Re: Determine if script is already running
by graff (Chancellor) on Mar 03, 2003 at 01:01 UTC
    It would be helpful to know why you need to assure that only one instance of the script is running at any given time. The question would boil down to knowing what resource(s) (or what data) require the constraint: maybe it would be easier/safer to create a lock for the resource/data rather than for the process that uses it. For that matter, if it's an issue of ruling out concurrent access to a given chunk of data, maybe a DBMS (mysql or some such) could handle this job for you.

    Also, since you talk about this being employed over multiple hosts in the workplace, you should clarify whether or not the "one copy at a time" applies globally to all hosts. That is, will it be okay to have two copies running at once, so long as those two are running on separate hosts?

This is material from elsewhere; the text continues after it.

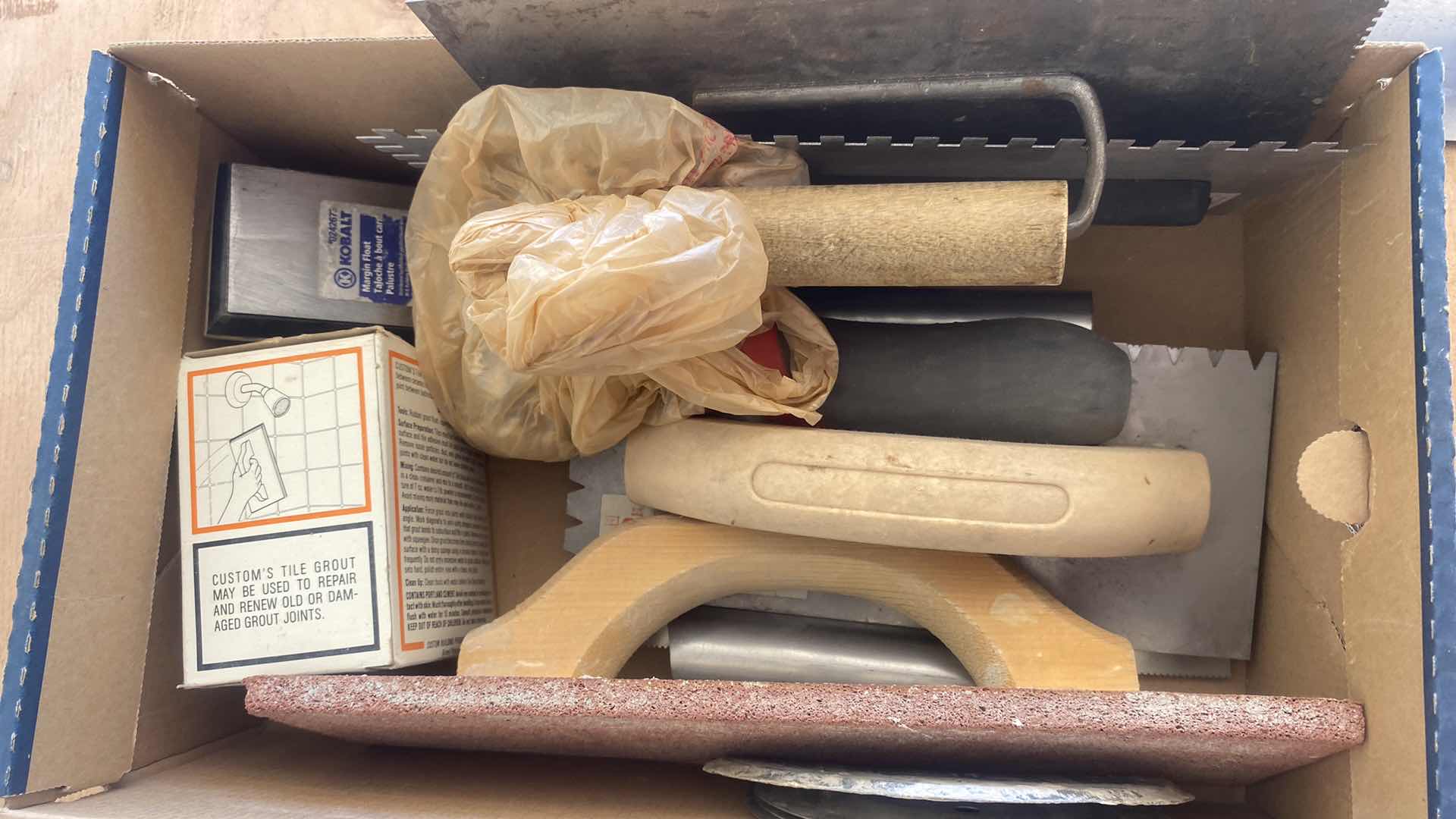 Photo 1 of BOX OF TILE TOOLS AND SPACERS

If not, then obviously your current approach won't handle the problem of locking out other hosts that might be competing for the resource/data. (update: your approach could be extended to handle this case by adding hostname to the pid file, and doing ssh or whatever when appropriate to check for the pid on some other host)

    Apart from those concerns, and assuming that "one copy per host" is your intention, then you're present code seems good (if it works as-is on windows, which I don't know), and adding flock on the pid file probably won't improve on it much (er...) should be amended according to replies posted above.

      The script in the current project is actually a long-running daemon that creates/deletes multiple HTML files which are part of a "health check" system for a Cisco SLB device.

      I should also have clarified in my original post, "one copy at a time" is on a per-host basis.

      -Nitrox